----- Input data

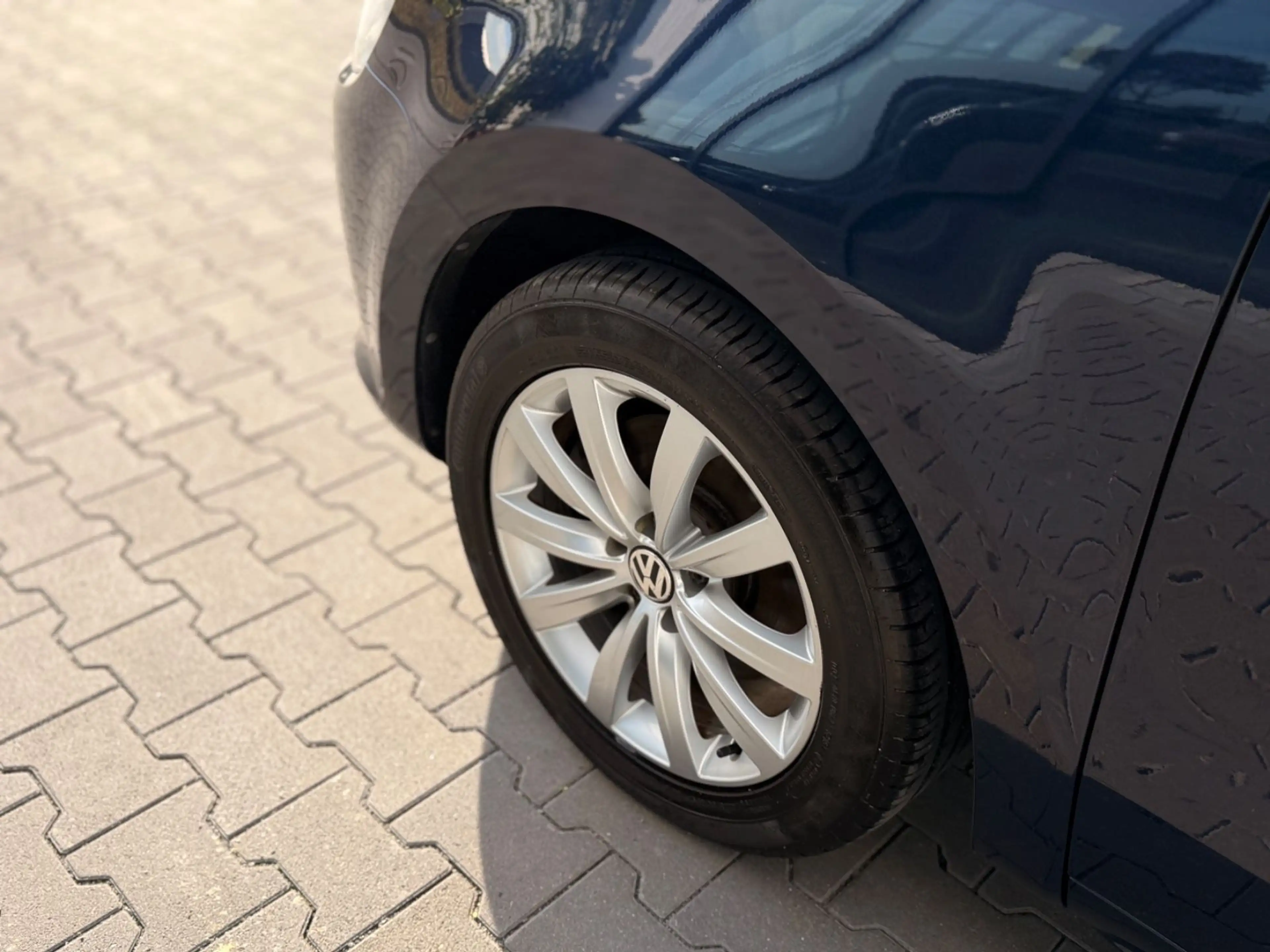 Volkswagen Sharan Highline 2.0 TDI DSG Navi Pano. 7 Sitzer — photo 5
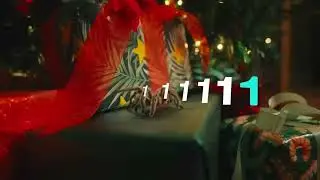 ITV1 - I'm A Celebrity&hellip; Get Me Out Of Here - Break Bumper - Into Break ('Tis The Season)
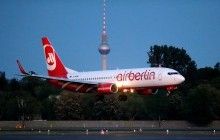 Авиакомпания Air Berlin прекратит полеты в конце октября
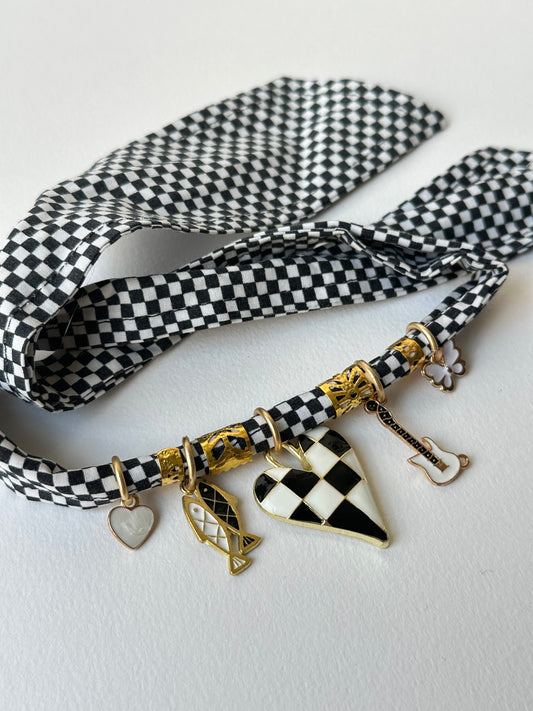 Choker gold TESSA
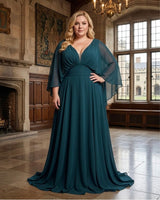 Vestido largo 7921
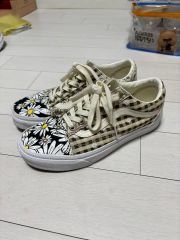武道館限定VANS OLD SKOOL × ken yokoyama 送料込 - メルカリ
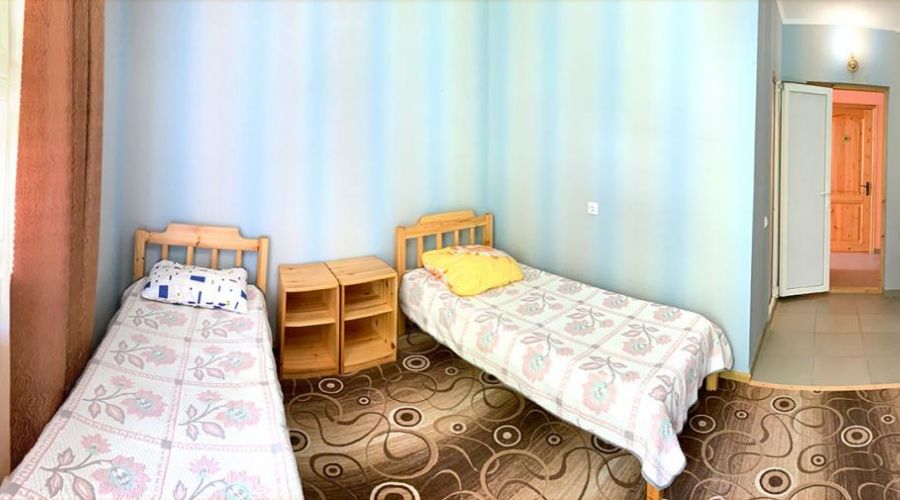 Улучшенный Н. Роща корп.1,3-местный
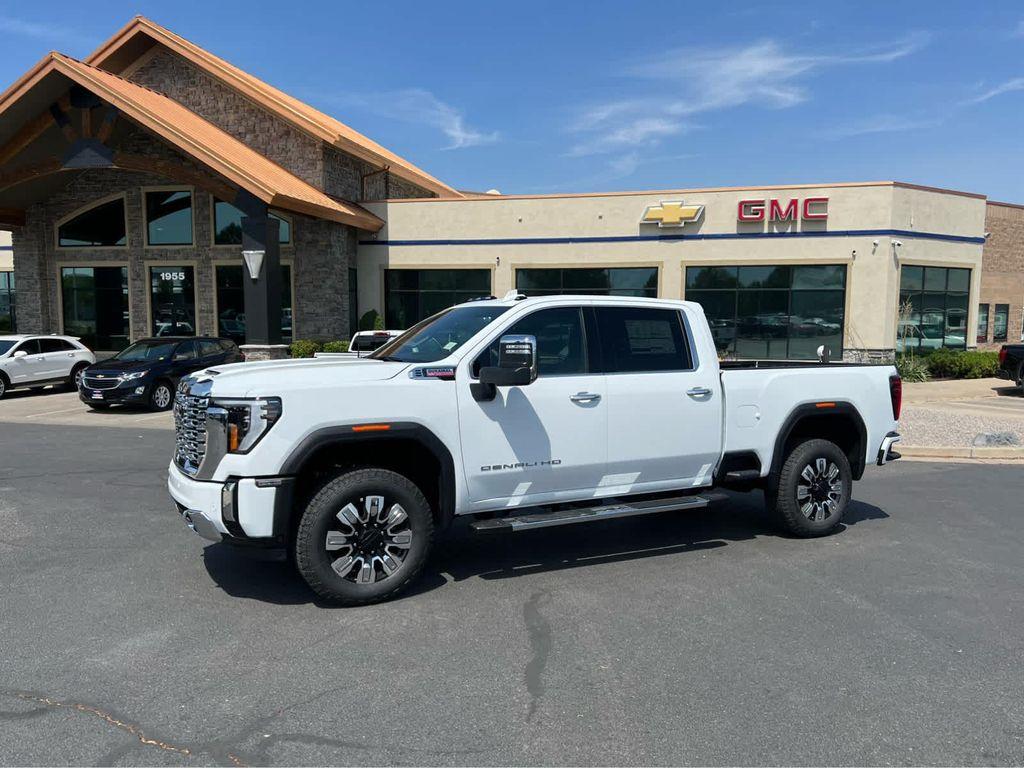 new 2025 GMC Sierra 2500 car, priced at $85,460
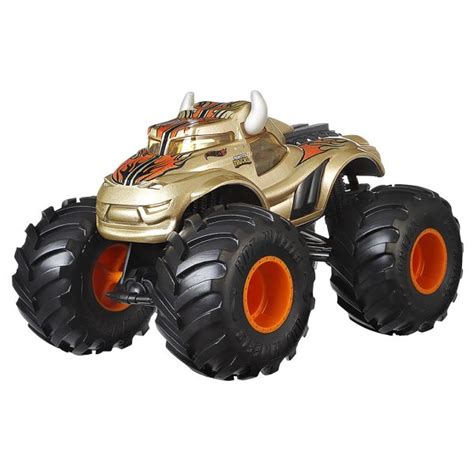 Hot Wheels Monster Trucks Steer Clear kisautó JatekBolt hu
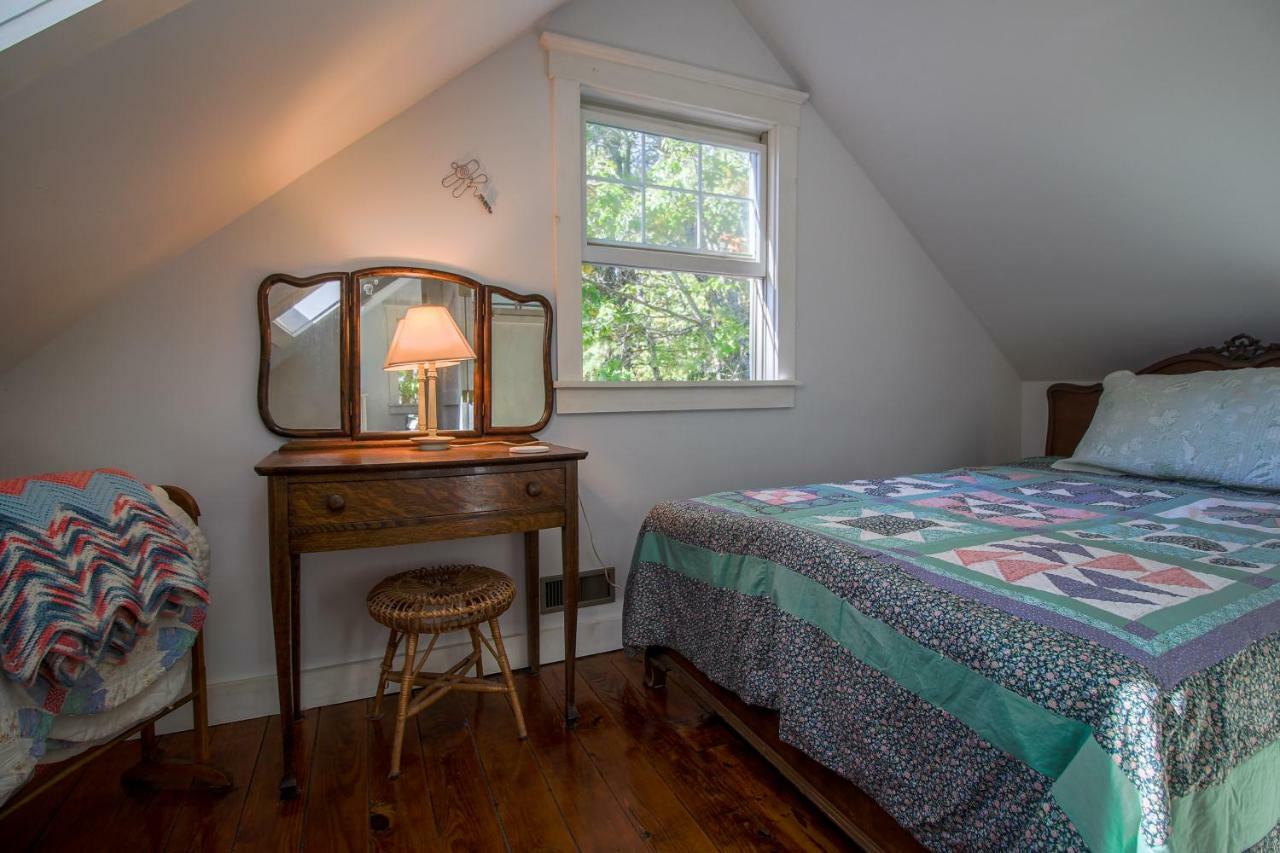 Willa Harpswell Bay House Zewnętrze zdjęcie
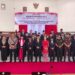 Pj Bupati Hadiri Pengangkatan Pimpinan DPRD Gumas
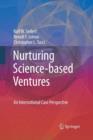 Nurturing Science-based Ventures : An International Case Perspective - Book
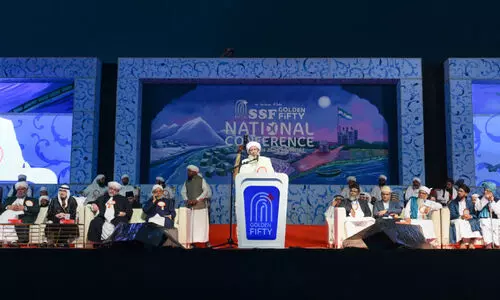 രാജ്യം സുസ്ഥിരമായി നിലനിൽക്കുന്നത് ഭരണഘടനയുടെ കരുത്തിൽ –കാന്തപുരം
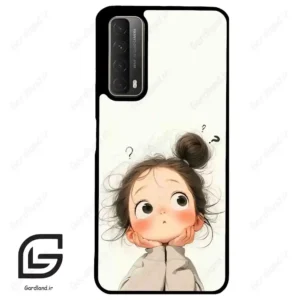 قاب گوشی هوآوی Y7A (Huawei Y7A ) طرح دخترانه کد 2056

----------

Task to complete =>
Set down a word-for-word copy of the records, dropping any picture.

Answer to the problem =>
 Volkswagen Sharan Highline 2.0 TDI DSG Navi Pano. 7 Sitzer — photo 5
 ITV1 - I'm A Celebrity&hellip; Get Me Out Of Here - Break Bumper - Into Break ('Tis The Season)
 Авиакомпания Air Berlin прекратит полеты в конце октября
 Choker gold TESSA
 Vestido largo 7921
武道館限定VANS OLD SKOOL × ken yokoyama 送料込 - メルカリ
 Улучшенный Н. Роща корп.1,3-местный
 new 2025 GMC Sierra 2500 car, priced at $85,460
 Hot Wheels Monster Trucks Steer Clear kisautó JatekBolt hu
 Willa Harpswell Bay House Zewnętrze zdjęcie
 Pj Bupati Hadiri Pengangkatan Pimpinan DPRD Gumas
 Nurturing Science-based Ventures : An International Case Perspective - Book
 രാജ്യം സുസ്ഥിരമായി നിലനിൽക്കുന്നത് ഭരണഘടനയുടെ കരുത്തിൽ –കാന്തപുരം
 قاب گوشی هوآوی Y7A (Huawei Y7A ) طرح دخترانه کد 2056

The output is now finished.